Mortgages

Livemore completes £208.1m securitisation backed by RIO mortgages – The Intermediary


Livemore, a mortgage lender for individuals aged 50 to 90 plus, has completed its inaugural securitisation, Exmoor Funding 2024-1. The transaction, totalling £208.1m, includes prime and near prime owner-occupied mortgage loans and has been assessed for compliance with the Capital Requirements Regulation (CRR) and Liquidity Regulation (LCR).

Rated by S&P and Moody’s, the residential mortgage backed security (RMBS) transaction received strong investor demand. It is backed by retirement interest-only (RIO) mortgages and standard mortgages, marking the first UK securitisation to include RIO mortgages. These mortgages, influenced by social and demographic changes, have no specific maturity date and are repayable upon property sale or certain life events.

The transaction is part of Livemore’s social bond framework, adhering to the International Capital Market Association’s social bond principles, with ISS ESG issuing a second-party opinion. This opinion supports Livemore’s mission to lend to later-life borrowers underserved by traditional lenders, helping reduce inequality and serve a recognised social purpose.

Citi acted as arrangers, with Citi and Jefferies as joint lead managers.

Founded in 2020, Livemore specialises in mortgages for those aged 50 to 90 plus, focusing on financial circumstances rather than age.

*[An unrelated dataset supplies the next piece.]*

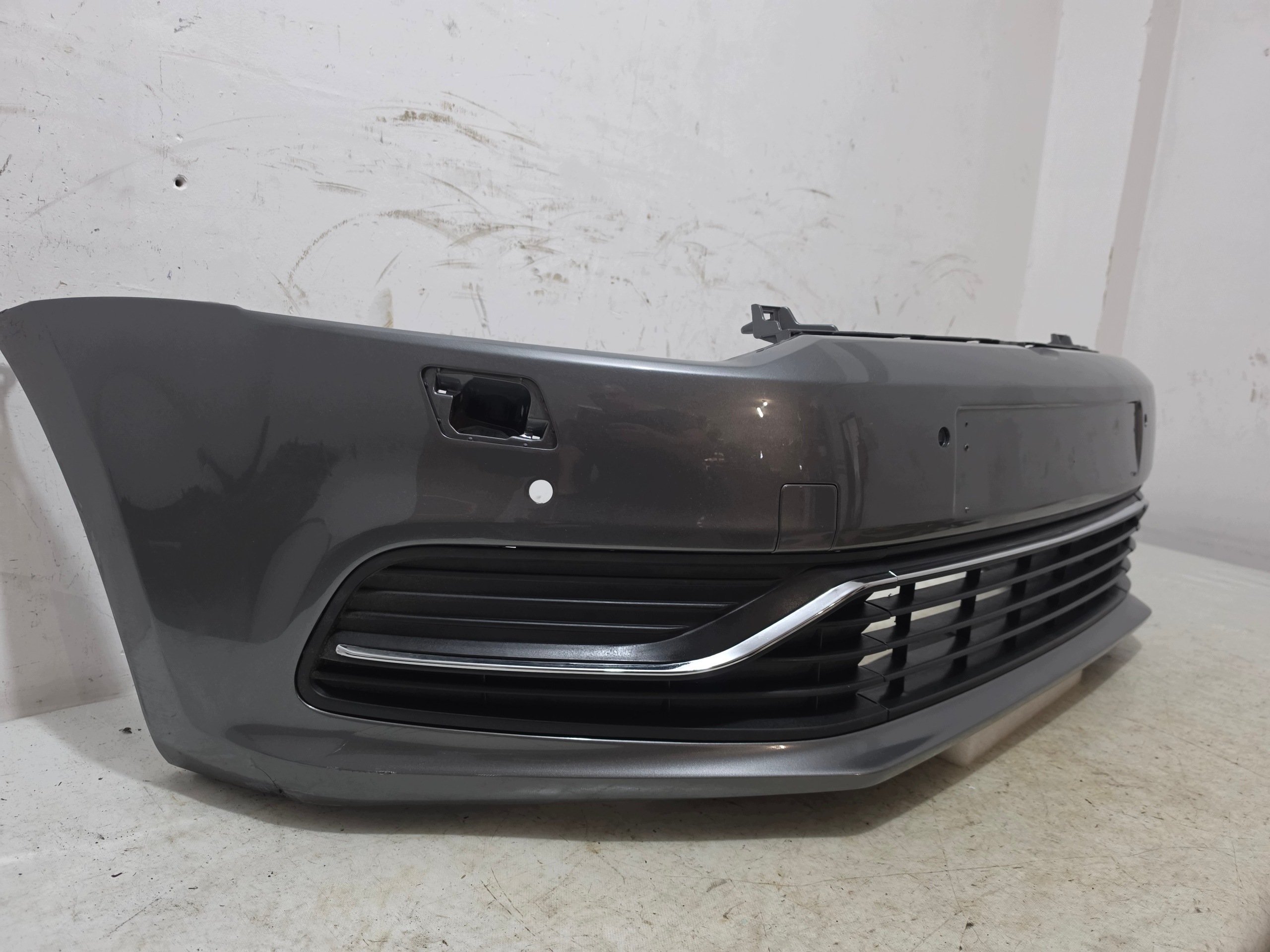 ^ VW POLO V 5 LIFT 6C0 2014 - front bumper front 6C0807221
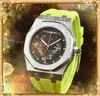 Crime Premium masculino Full funcional Full Wristwatch 42mm Movimento de quartzo masculino relógio de tempo de aço inoxidável Sapphire Glass Glass Popular US Trend Wristwatch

Over the past four years, Livemore has expanded to offer over 300 products, including standard capital repayment, interest-only mortgages, RIO, and lifetime mortgages.

Simon Webb, Livemore’s managing director of finance and capital markets, said: “This is a notable transaction, not only because it demonstrates the significant growth of Livemore over recent years, but it clearly shows market confidence in later life lending as a financially sound investment. The securitisation plays a key part in Livemore’s continuing growth and expansion as we work to fill the gap caused by the shortfall in quality mortgage products for later-life borrowers.”